⑪子供は人生の先生。—忘れていた大切なことを思い出させてくれる存在


子供が教えてくれたことをまとめます。
子育てをしていると、ふとした瞬間に、自分の中の常識や価値観が揺らぐことがあります。
大人になるにつれて積み重ねてきた「こうあるべき」「これが正解」といった枠組みを、子供たちはあっけなく飛び越えていく。そんな姿に、私は何度もハッとさせられてきました。
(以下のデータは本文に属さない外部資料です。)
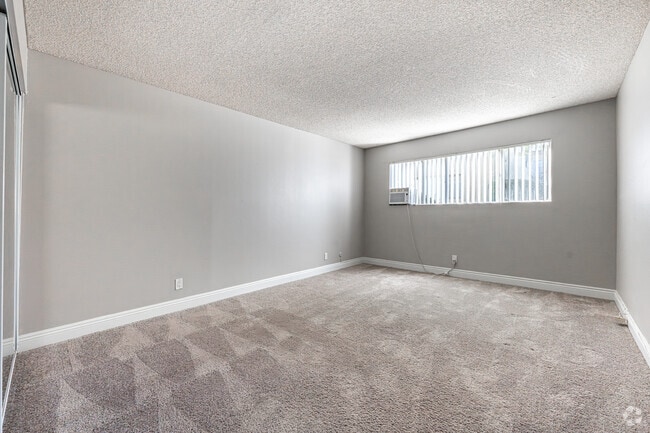 1BR, 1BA - 700SF - Bedroom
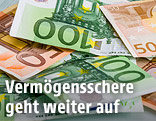 Geldscheine in einer Hand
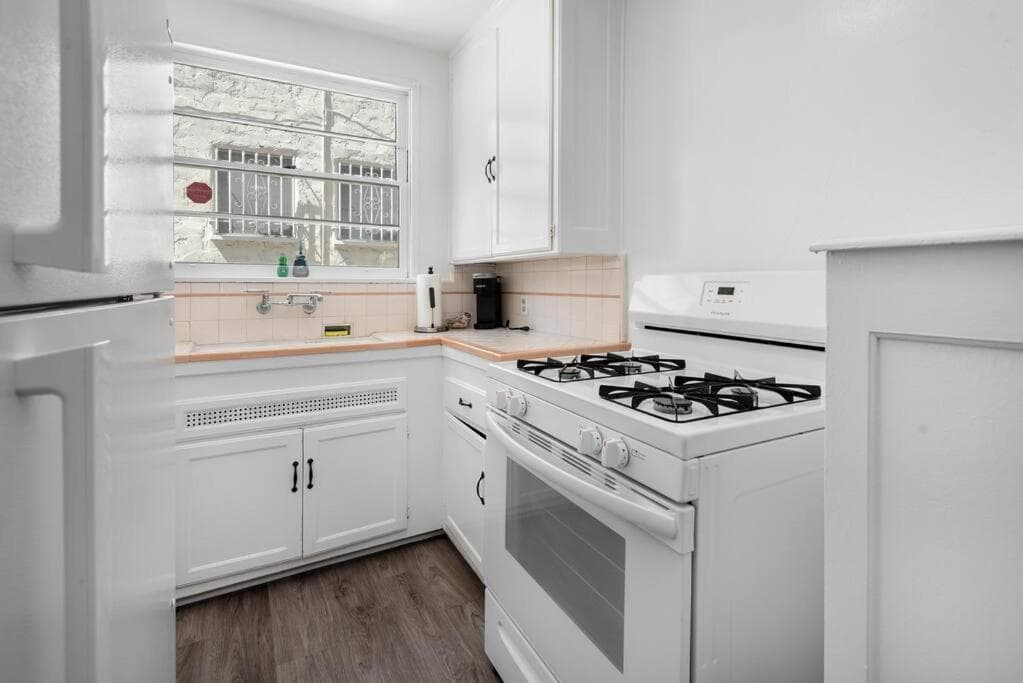 Photograph supplied for Chic Apt. with Hot Tub - Ultimate LA Experience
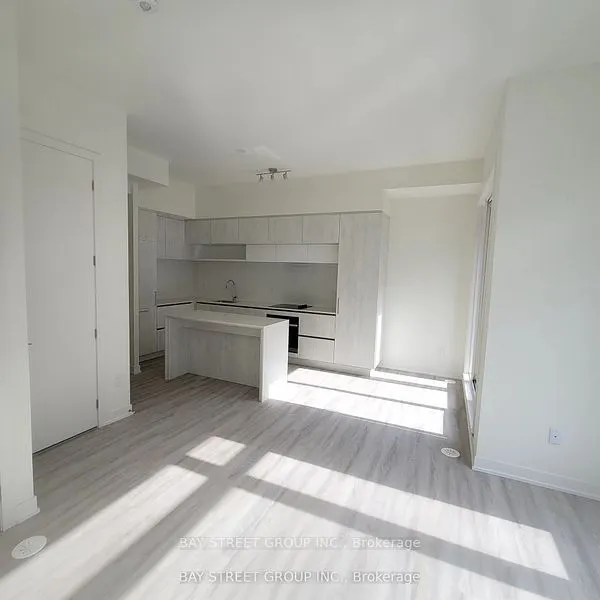 14 DAVID EYER Road, #1006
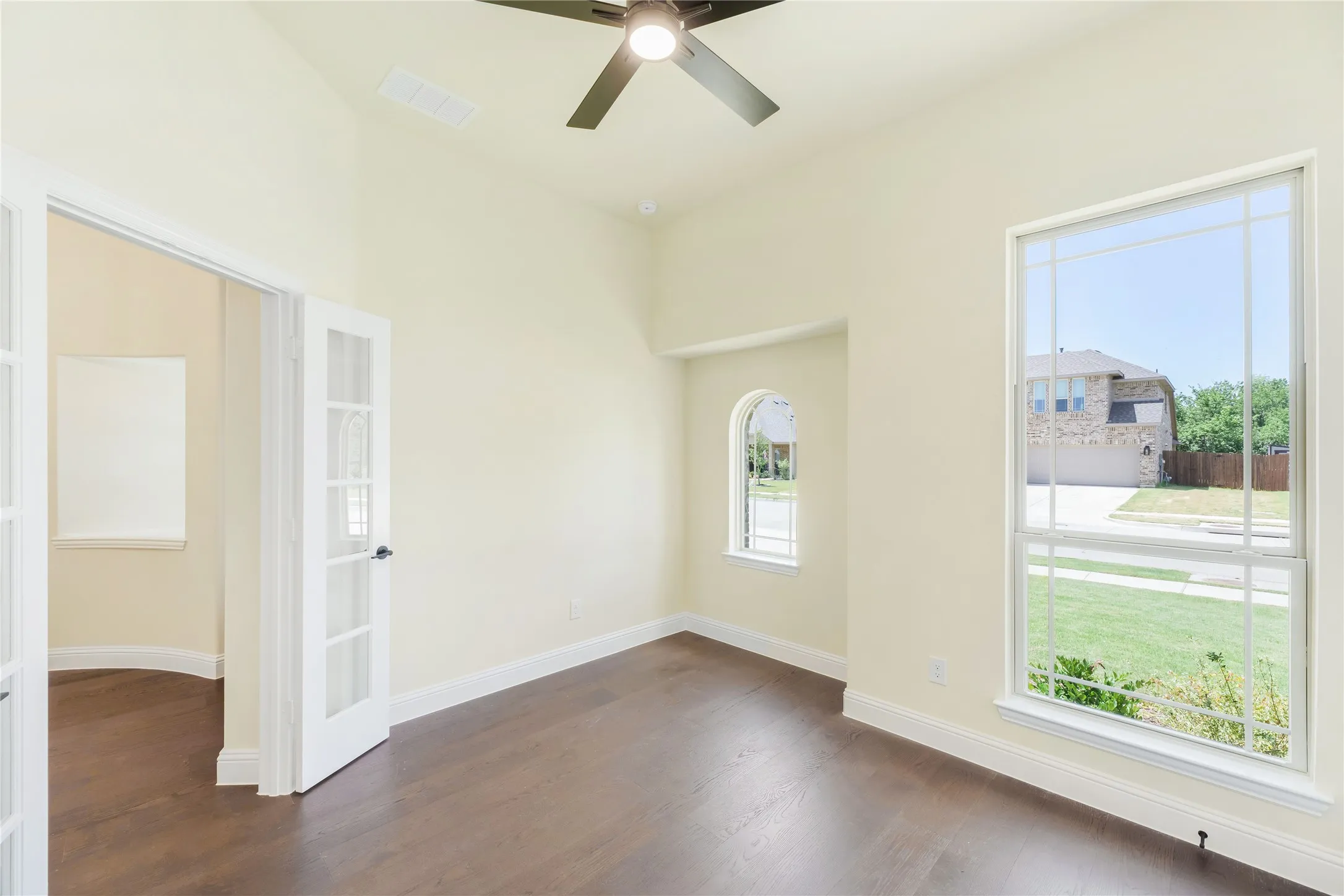Single Family Residence For Sale in Denton County , 177 Creekside Drive, Sanger, Texas 76266, 4 Bedroom, 3 Bathroom, 2 Garage spaces, 3,285 Sqft, built in 2026, New Construction - Incomplete, mls#21227531, Real Estate Agent in Sanger, Homes For Sale in Denton county, Homes For Sale in Sanger, Realtor in Sanger Texas, Real Estate Brokerage Independent Realty Texas, Luminita Cordes Realtor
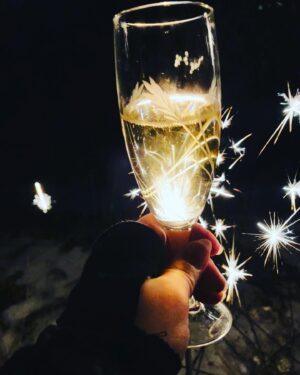 Agnes Born Instagram - Happy New Year!🌟
The best is yet to come.
#happynewyear#fuck2020#newyear#thebestisyettocome#lovemore#welcome2021#celebrate#picoftheyear#takecare#smile#shine#comeraincomeshine #sparkling#love#champagne#nordland#norge#norway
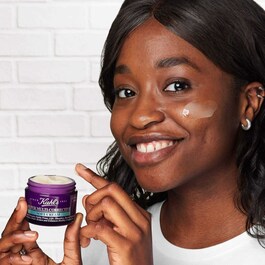 Super Multi-Corrective - Crema anti-età multicorrettiva dalla texture leggera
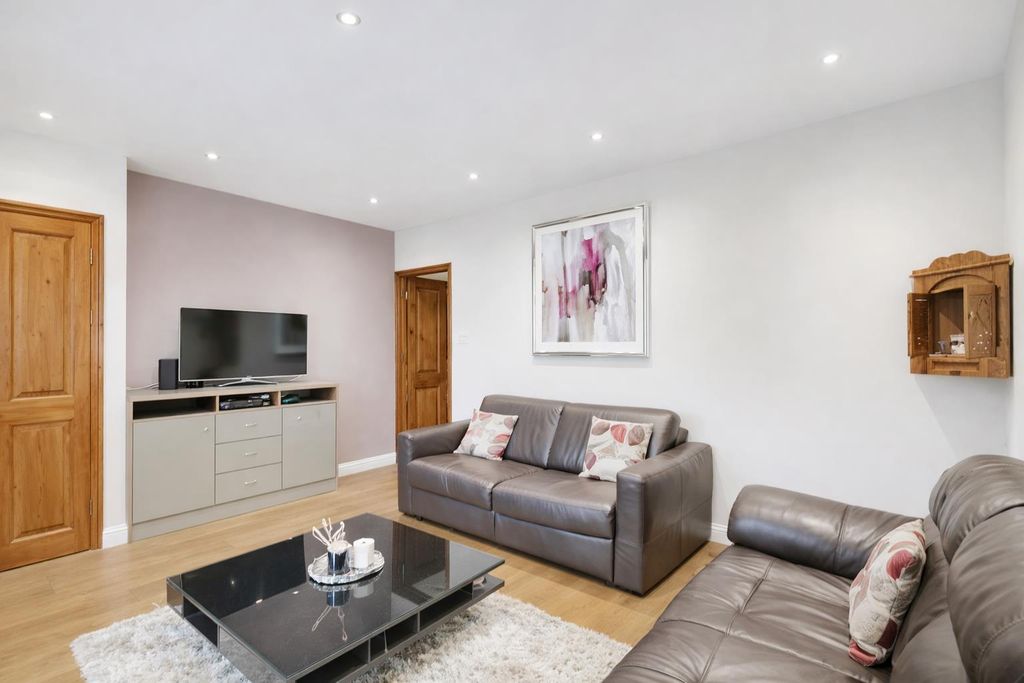 Property photo 2 of 7 80F9623E-9Cfe-4008-88Ea-c87046A35Bb2.Png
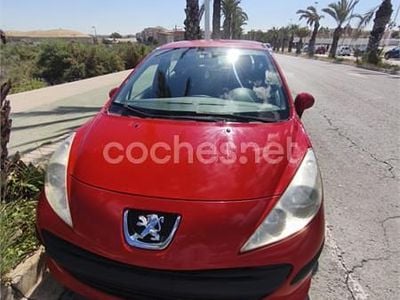 Usado Peugeot 207 75 CV (55 kW) 2007 Rojo Berlina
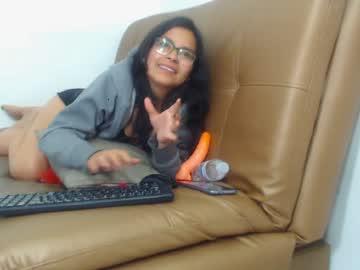 itzel_moon_07 chaturbate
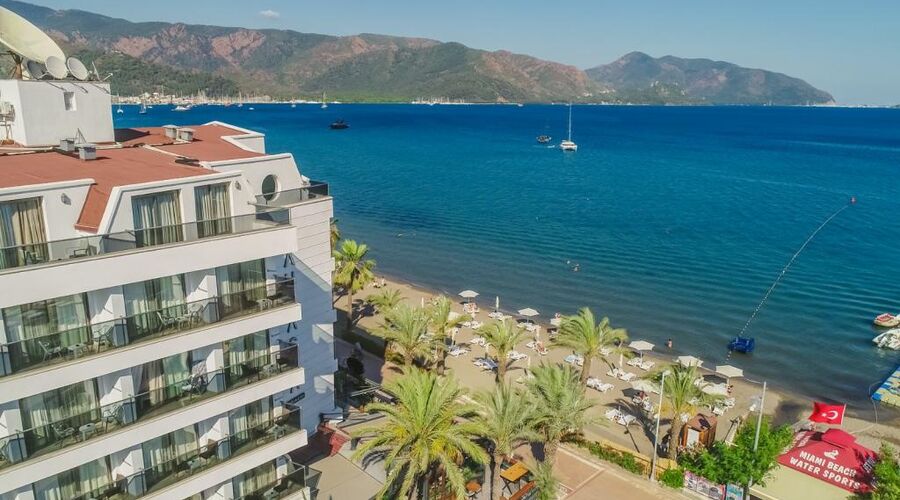 Aurasia Beach Hotel  3*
育てているはずの子供に、逆に育てられているような感覚。
今では、私は確信しています。子供は、人生の先生です。
思考が抵抗を生む
彼らは、生まれながらにして“今”を生きる達人です。明日のことなんて気にしない。
眠くなったら寝て、お腹が空いたら食べ、遊びたいときに遊ぶ。
笑いたいときに笑い、泣きたいときには思い切り泣く。
その感情の表現に、一切の遠慮や恥じらいはありません。
泣いたと思ったらすぐに笑い、自分で自分の機嫌を取る。
その切り替えの早さは、
大人の私たちにはとても真似できないような“天才的”な力です。
大人は上手く未来を予測しているつもりで
いまを生きていますが、それはただの思い込みなのかもしれません。
余計な思考が抵抗を生むのです。
過去を見ない
子供たちは恨みや辛みを引きずりません。
どんなに怒られても、数分後にはケロッとしている。
愚痴も言わず、根に持たず、明るい顔でまた走り出す。
その潔さに何度驚かされたことでしょう。
私たちは成長する中で、「忘れる」ことが難しくなっていきます。
過去を引きずり、人間関係をこじらせ、余計なプライドを抱えるようになります。
でも子供たちは、軽やかに、素直に、毎日をリセットして生きているのです。
いまに過去は一切影響しない。
子供の笑顔をみていると
それが腑に落ちます。
衝動に従う
そして何より、彼らはひらめきを行動に変える力に溢れています。
「やってみたい!」と思った瞬間には、すでに体が動いている。
理由も根拠もいらない。ただ、ワクワクするからやる。
それだけ。
私たち大人が頭の中で何重にもシミュレーションしている間に、
彼らはすでに「体験」している。
そのスピード感が、時に危なっかしく見えることもありますが、
そこには生きるエネルギーそのものがあります。
子供は、良い意味で先のことを考えません。
「将来のために今を我慢する」という概念すらない。
ただ、今を生きる。今を楽しむ。
ワクワクだけで生きることを、自分に許しているのです。
正しさよりも心地よさ
私たち大人は、彼らを「まだ知らない存在」「未熟な存在」と思いがちです。
でも本当にそうでしょうか?
子供は、生きる上で一番大切なこと――
「今を楽しむこと」「良い気分でいること」「自由であること」――
をすでに知っています。
それなのに、大人になるにつれて私たちは、
常識や経験といった“知識”を積み重ねることで、
逆にその感覚を失ってしまっているのではないでしょうか。
もちろん、子供を野放しにするということではありません。
自由の中には責任が必要です。
危険なこと、他人を傷つけること、それはきちんと伝えなければいけません。
ただその伝え方が、正しさを押し付けるだけになっていないか?ということは、
常に自分に問いかけたいと思っています。
大人として伝えられること
「やらなければならないこと」は、言葉ではなく行動で示す。
そして、「言うべきこと」は、自分が良い気分でいるときに伝える。
怒りに任せて叱るのではなく、信頼の土台の上で、
子供の自由を尊重しながら導いていく。
そのバランスの難しさに、日々試されていると感じます。
思えば、私自身もかつては子供でした。
全てを知っていたはずです。
でも、周囲に合わせて、社会の中でうまくやっていくために、
少しずつ自分の感覚を封じ込めてしまったのかもしれません。
大人と子供の違いは、
「思考」という道具をどれだけ意識的に使えるかにあるのかもしれません。
子供たちは思考を持ちながらも、それに支配されてはいません。
でも大人になると、思考が感情や行動を縛ってしまうことが多くなる。
だからこそ、どんなルールや制限の中でも、
“自由”を見つける力を育てていくことが大切だと感じます。
子供たちが大人になるとき、
「自由に生きること」は“子供に戻ること”ではなく、
思考の力を使ってもう一度、自分本来の感覚に帰っていくことなのかもしれません。
その橋渡しをすることが、親としての役割なのではないかと思うのです。